Esta bella descripción de la democracia americana, la cual no ha cambiado fundamentalmente desde entonces, contrasta con el panorama de la nuestra, donde un poder legislativo es puesto a remolque de los caprichos más extravagantes del ejecutivo.
El impasse en que está la izquierda colombiana no violentista, pero alienada intelectualmente por los aparatos comunistas del Foro de Sao Paulo, es flagrante y es una parte del problema: ninguna lucidez de ella ante el proyecto Farc-Eln, ningún examen crítico de esas posiciones, silencio culpable ante las atrocidades de las Farc-Eln y ante el falso proceso de paz.
Nunca nadie en esa izquierda ha pedido la disolución del PCC, ni ha abierto siquiera dentro de éste una tendencia, ni un debate, para seguir el ejemplo del PC mexicano. Este, al menos, optó por auto disolverse y crear, con otras fuerzas, un partido socialista (el PSUM), en 1981. Esa formación no ha evolucionado muchos hacia las tesis más razonables, pero fue un ejemplo de cómo un partido comunista latinoamericano podía abordar su propia disolución ante los fracasos mundiales del comunismo.

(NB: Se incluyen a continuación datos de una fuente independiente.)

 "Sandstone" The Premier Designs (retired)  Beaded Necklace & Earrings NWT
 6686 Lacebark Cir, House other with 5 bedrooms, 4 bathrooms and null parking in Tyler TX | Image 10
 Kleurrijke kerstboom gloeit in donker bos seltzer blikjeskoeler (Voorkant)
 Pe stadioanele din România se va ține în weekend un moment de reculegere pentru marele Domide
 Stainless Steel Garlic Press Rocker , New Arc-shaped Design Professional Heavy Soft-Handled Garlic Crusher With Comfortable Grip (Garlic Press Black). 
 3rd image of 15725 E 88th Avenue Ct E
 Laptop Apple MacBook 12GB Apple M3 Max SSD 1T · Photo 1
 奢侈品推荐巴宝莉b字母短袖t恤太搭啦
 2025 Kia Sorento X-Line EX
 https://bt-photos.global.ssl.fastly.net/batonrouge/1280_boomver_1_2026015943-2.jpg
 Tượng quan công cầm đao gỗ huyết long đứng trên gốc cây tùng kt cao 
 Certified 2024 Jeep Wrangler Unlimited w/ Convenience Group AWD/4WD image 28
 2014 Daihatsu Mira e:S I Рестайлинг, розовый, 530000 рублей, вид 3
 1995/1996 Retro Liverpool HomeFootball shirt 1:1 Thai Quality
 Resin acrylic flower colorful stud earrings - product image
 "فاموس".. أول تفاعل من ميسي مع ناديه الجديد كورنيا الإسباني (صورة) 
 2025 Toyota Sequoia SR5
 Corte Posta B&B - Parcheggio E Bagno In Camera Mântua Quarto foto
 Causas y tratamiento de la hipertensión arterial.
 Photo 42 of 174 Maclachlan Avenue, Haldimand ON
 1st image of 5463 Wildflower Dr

En Colombia no hay nada de eso. El PCC y sus nuevas creaciones, como el Polo Democrático, siguen tratando de darle lustre a los viejos refranes dogmáticos del comunismo, sin cuestionarlo. La colombiana es una izquierda que sigue creyendo que no hay ni hubo jamás “verdadera democracia”, que sus adversarios políticos e intelectuales son blancos militares, que el uribismo es una corriente “de extrema derecha”, que la auténtica transición hacia la “democracia verdadera”, es decir la “democracia con justicia social”, como dicen sus cabecillas, es cediéndoles medio país, y algo más, a las Farc y consortes.
Tal confusión les hace considerar como “reaccionario” y hasta como “fascista”, toda tendencia liberal/conservadora y de centro, y hasta socialdemócrata, que preconice la democracia representativa, la economía de mercado, el individuo, la libertad escolar, el Estado de Derecho.
Sin embargo, una crítica y una condena irrestricta al comunismo del PCC y de las Farc y de las otras bandas narco-terroristas, existe en el panorama colombiano y se amplía sobre todo desde que JM Santos llegó al poder presidencial. Pese a las inmensas dificultades, a la represión que ejerce el poder actual contra sus activistas y líderes, esas corrientes nuevas están forjando una alternativa democrática viable de gobierno (el Centro Democrático y sus aliados) y no solo están dando una respuesta verbal a las desuetas teorías marxistas.
Las manifestaciones del 2 de abril pasado, donde cientos de miles de ciudadanos protestaron pacíficamente en 25 ciudades contra el gobierno de Santos y contra el falso proceso de paz, muestran el grado de madurez política que ha alcanzado la opinión pública. Como ve que el gobierno actual es insensible a las críticas de la oposición parlamentaria, y como constata que ese poder no está dispuesto a cesar su dinámica de concesiones enormes a la subversión armada y narcotraficante, la ciudadanía optó por salir a calles y plazas para lanzar una advertencia: las mayorías no están con Santos y exigen un replanteo general en la conducción del Estado. ¿Santos seguirá sin ver que la dinámica de derrumbe de los gobiernos en Brasil y Venezuela podría llegar a Colombia?